At Austin MLK March, Activists Implore Crowd to Continue Fight for Racial Justice
By Corey Smith
Reporting Texas
Hundreds of community members, activists, students and several state politicians marched from the Rev. Martin Luther King Jr. statue on the University of Texas at Austin campus through the state Capitol grounds to historically Black Huston-Tillotson University in East Austin Monday.
Many of the attendees of the annual Martin Luther King Jr. Day march said they were there not only to honor King’s legacy, but also because there is much work left to be done when it comes to ending racial injustice.
“We’ve come a long way … but we have more work to do,” said Para Agboga, the volunteer coordinator for the Austin Area Heritage Council, which has organized the march since its 1993 debut.
“I think what we do is so vital to the recognition of not only the work of civil rights, the work that’s been done in the past, but also the work that has to be done,” Agboga added.

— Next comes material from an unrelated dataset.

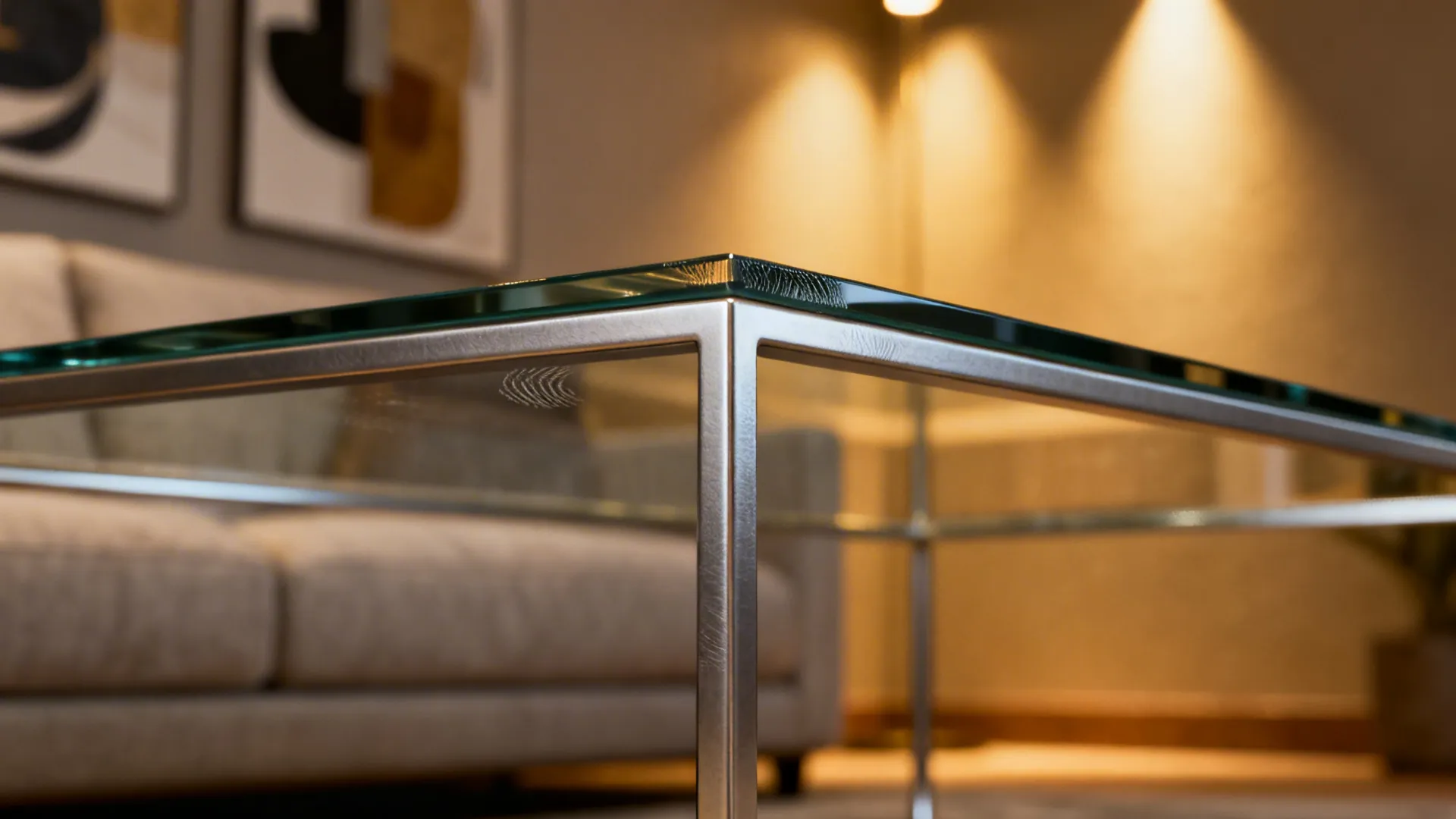 Close-up of slim tempered glass top and matte metal frame showing edge and reflections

Pflugerville City Council Member Rudy Metayer addressed the crowd near the statue of King on the UT campus and urged them to continue the fight for racial justice after the march. “Allyship is fine, but what we really need is people that are co-conspirators.”

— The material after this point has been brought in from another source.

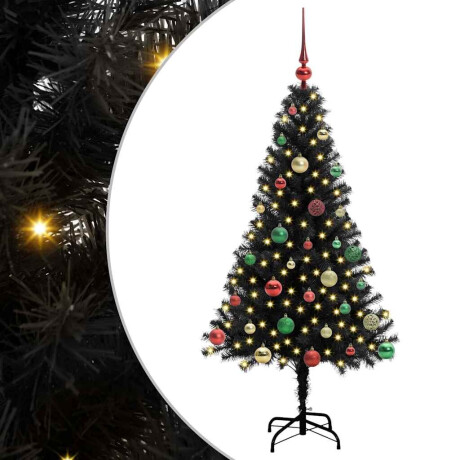 vidaXL Kerstboom met 150 LED met standaard Zwart 150 cm PVC afbeelding2 - 1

“You need people on the front lines who represent your values,” Metayer said. “People who understand the greatness of this country, while also acknowledging its flaws.”

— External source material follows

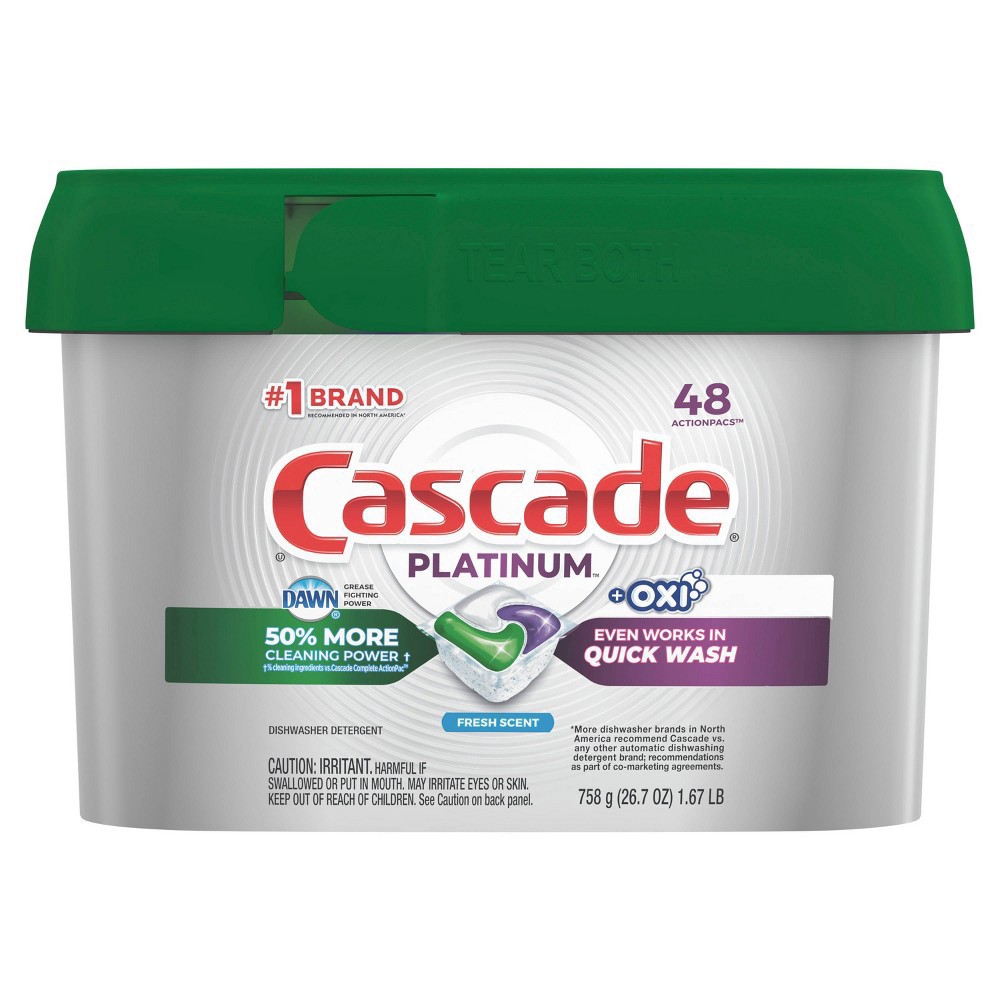 slide 3 of 12, Cascade Fresh Scent Platinum ActionPacs Dishwasher Detergent + Oxi Fresh Cleaner Pods - 26.7oz/48c, 48 ct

Metayer and several of the activists in attendance said it’s as important as ever to support anti-racist initiatives.
Dozens of members of the Austin Justice Coalition attended the march. The coalition formed in 2016 after an Austin Police Officer killed 17-year-old David Joseph while he was naked and unarmed at an apartment complex in East Austin.
One of the group’s goals is to end the so-called school-to-prison pipeline — discipline policies that disproportionately push children of color out of the classroom and into the criminal justice system, said Amber Watts, Austin Justice Coalition education policy manager.
“Dr. King had huge visions of us coming together, especially those of us who are considered marginalized, those of us who are oppressed, Black people, Brown people, people who are considered poor,” Watts said.
Several members of the Texas Center for Justice and Equity, a non-profit organization working to combat racist policing and mass incarceration, set up a booth on the campus of Huston-Tillotson near the end of the event.
“A lot of people have a connotation that those who commit a crime deserve what they get,” said Sarah Reyes, a policy analyst with the Texas Center for Justice and Equity. Part of her organization’s mission is to put an end to that mindset, if not otherwise reverse adverse conditions for incarcerated people, particularly youth, through research, policy advocacy at the Texas Legislature and public awareness campaigns.
Members of the organization carried signs that read “Finish the Five,” a nod to the group’s goal to close the five juvenile justice facilities in Texas. African-American youth are disproportionately locked up in youth prisons in Texas and around the nation — Black youth are more than four times as likely to be detained or committed to juvenile detention facilities compared to their white peers, according to 2021 figures from The Sentencing Project.
In Texas, scandals, including sexual abuse and violence, have plagued youth prisons for decades.
State Rep. James Talarico (D-Round Rock) attended the MLK day event in solidarity with the Texas Center of Education and Justice. “I’m marching with activists to protest the human rights abuses in Texas youth prisons,” Talarico wrote on Twitter. “Dr. King devoted his life to the most marginalized members of our community. If he were alive today, I think he would be marching alongside us.”
Several speakers addressed the crowd from the south steps of the Capitol building, which is undergoing renovations and was surrounded by construction scaffolding.
“We almost thought we weren’t going to be able to have the program because we weren’t going to have a space to be able to do it,” Austin Area Heritage Council member Joya Hayes said. “I want you to know that our community is under construction,” Hayes said.
Hayes urged the crowd to continue the fight for racial justice beyond simply attending a march on MLK day. “This must be a life decision that we are going to guarantee that we are heard, that we are respected, and the things that need to happen to prosper our community take place.”